WHAT YOU SHOULD DO: Any picture in the listing is left out of the copy; all else is duplicated exactly.

SOURCE INFORMATION:
=-=-=

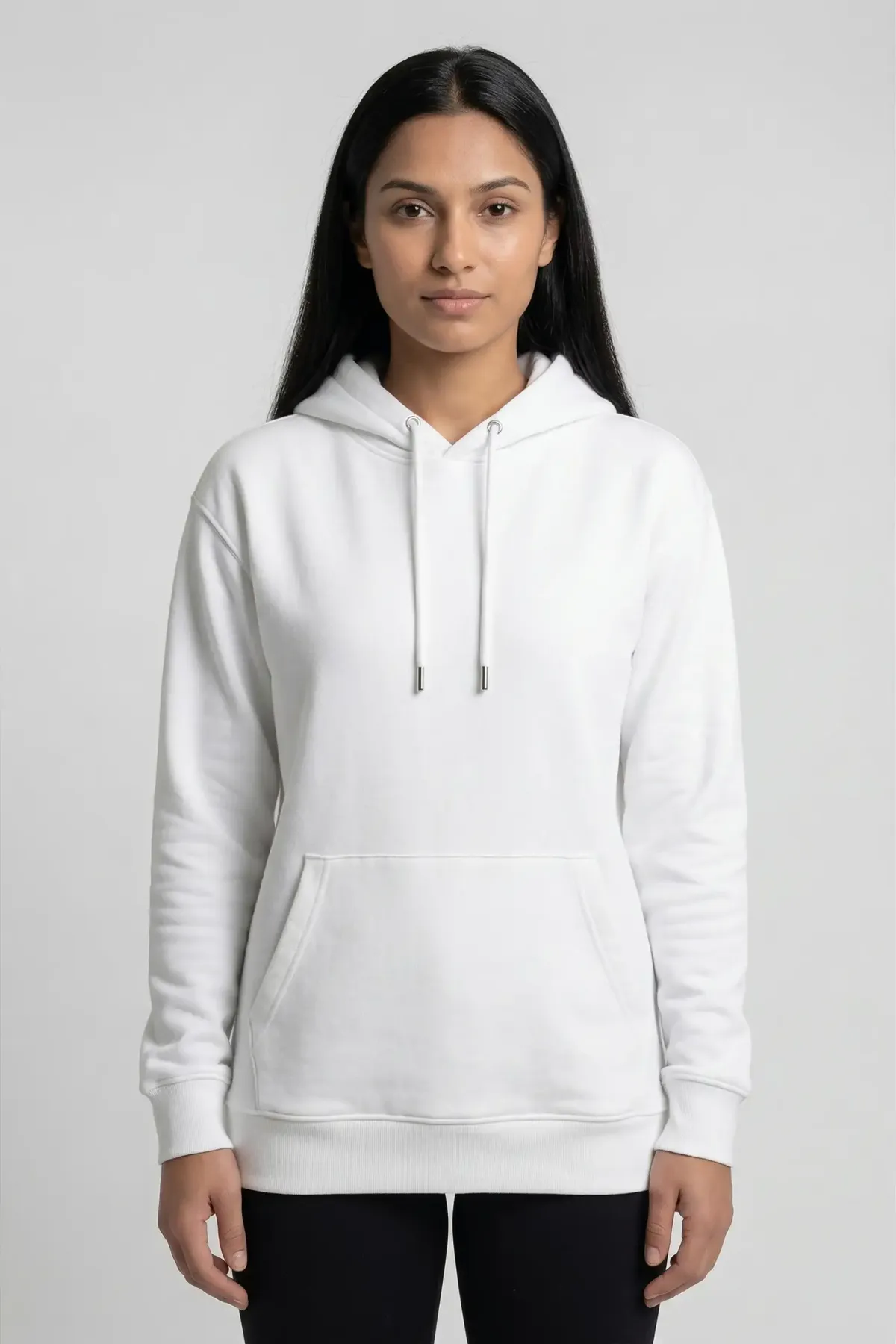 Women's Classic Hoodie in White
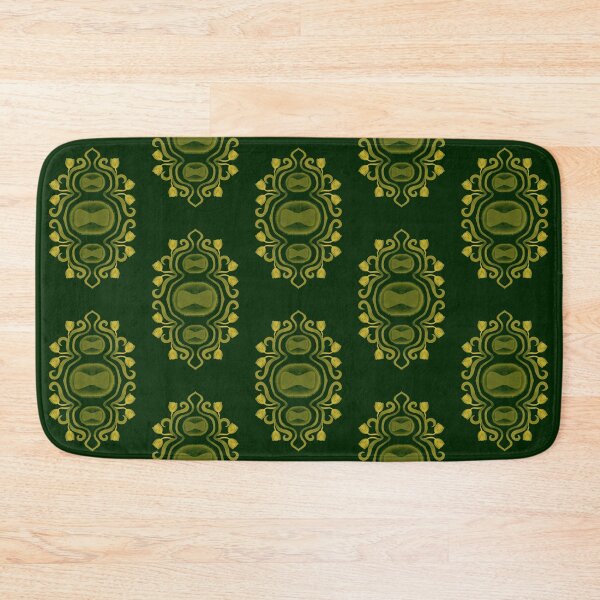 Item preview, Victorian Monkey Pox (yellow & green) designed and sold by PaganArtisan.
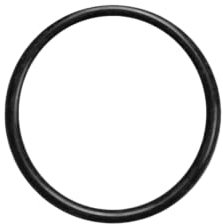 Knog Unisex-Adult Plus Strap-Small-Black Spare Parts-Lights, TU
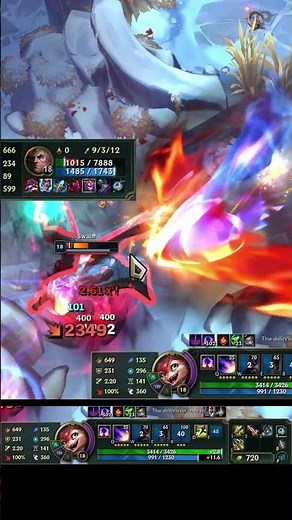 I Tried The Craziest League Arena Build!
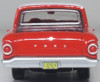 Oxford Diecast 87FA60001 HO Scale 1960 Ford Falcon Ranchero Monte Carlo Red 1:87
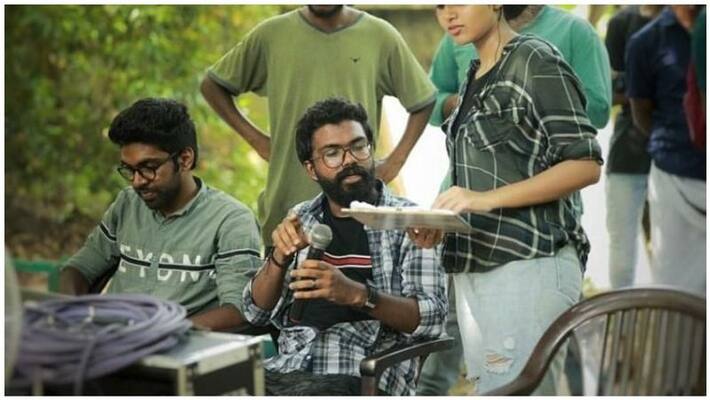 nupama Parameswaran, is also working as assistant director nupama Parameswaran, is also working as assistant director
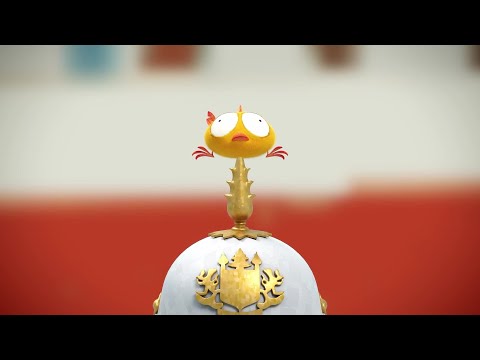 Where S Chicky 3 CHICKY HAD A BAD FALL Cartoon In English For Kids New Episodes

=-=-=

RESPONSE AREA:
 Women's Classic Hoodie in White
 Item preview, Victorian Monkey Pox (yellow & green) designed and sold by PaganArtisan.
 Knog Unisex-Adult Plus Strap-Small-Black Spare Parts-Lights, TU
 I Tried The Craziest League Arena Build!
 Oxford Diecast 87FA60001 HO Scale 1960 Ford Falcon Ranchero Monte Carlo Red 1:87
 nupama Parameswaran, is also working as assistant director nupama Parameswaran, is also working as assistant director
 Where S Chicky 3 CHICKY HAD A BAD FALL Cartoon In English For Kids New Episodes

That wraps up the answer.